The ramifications: Should the Commonwealth of Puerto Rico prevail, I foresee it setting a disastrous precedent.
- Access to the securitized loan market could be restricted for all borrowing municipalities. This would be most damaging to state and local borrowers with weak GO ratings. Over time, this may affect higher-rated issuers as well.
- Local governments and municipalities could be forced to choose between default and austerity.
- The ratings of some existing revenue bonds may see multiple downgrades.
- Future Puerto Rican bonds will necessitate a specific revenue pledge separate from their general fund. Oddly, this is the COFINA bond structure the Commonwealth is arguing against.
- Rating agencies will have the challenge of squaring up ratings among different securitized bonds.
- An alarming moral hazard would be created if interest rates (borrowing risk) are determined based on the political and judicial landscape – eschewing property rights and collateral.
- Bankruptcy will become a more popular option for politicians as an “easy” short-term solution to more difficult long-term problems.
- There could be a significant impact on the U.S. municipal market if the control board and the Commonwealth push through a Detroit-like bankruptcy result favoring pensioners over secured borrowers and other creditors with constitutional priority.
- If a borrower’s ability to repay is in doubt, and complying with the law is optional, that borrower could be forced to pay higher interest rates, which could be a budget-busting proposition for financially fragile municipalities.
- Higher government borrowing costs may crowd-out the ability to provide and maintain essential services. This could lead to higher taxes or a reduction of services, resulting in a U.S. taxpayer bailout nonetheless.
The numbers: Consider the Virgin Islands Electric and Water Authority. In July 2017, it was shunned by “once burned, twice shy” municipal investors leery of a Puerto Rico-like restructuring, leaving officials no choice but to issue a three-year note paying 10.85% interest. Contrast this with Philadelphia Gas Works Authority, which issued three-year notes yielding 1.2%. That is an interest penalty spread of 9.65%. Applying this to half of Puerto Rico’s estimated outstanding debt of $60 billion equates to an annual financial impact of $3 billion.
The bottom line: I cannot begin to imagine the current struggles for the people of Puerto Rico. Without electricity, adequate shelter, and dependable water supplies, I am at a loss to relate to the challenges people on the island face today, and for the foreseeable future. Yet, I firmly believe that if debt relief is the action taken by the Commonwealth against COFINA, it will only hurt, not help, the territory as it emerges from this crisis. The ability to raise funds to deliver needed services is one of the most broadly essential functions a government can provide, and the cost of those funds affects all citizens.
All things considered, I’m an understanding holder of Puerto Rico general obligation debt, but I’m an angry COFINA bondholder.
Policymakers and the public must recognize that bonds are not all structured the same.
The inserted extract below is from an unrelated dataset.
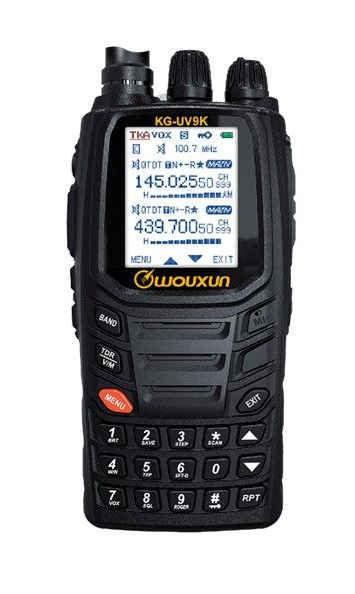 Wouxun KG-UV9K Full Duplex Hand Held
Each bond has very separate and unique security features which need to be considered and respected, not just in the case of COFINA, but for the overall health of the municipal bond market. For if all bonds are treated the same, and politics trump property rights and the sound application of bond analysis, then the unintended consequences will be costly and far-reaching.
In closing, as a Chartered Financial Analyst and Certified Financial Planner®, I pride myself on taking a long-term view, doing extensive research, and adhering to a moderately conservative risk profile. My clients are accepting of lower returns in lieu of lower overall portfolio volatility — and like me, they are pleased to provide capital to state and local governments in need of infrastructure development. They are not vultures or unscrupulous speculators, and I take offense to the generalization by public officials and others who insist they are – and the last thing any of us expects is to be “wiped out.” Risk is certainly a part of this business, but my hope is that we will all look to the future and craft solutions that protect not only investors and borrowers, but also our fellow citizens of Puerto Rico who desperately require our help.
The views expressed in this article are the author's own and do not in any way reflect the opinions of Spire Wealth Management. Mr. Ryhanych personally owns General Obligation, Highway & Transportation, and COFINA bonds issued by the Commonwealth of Puerto Rico.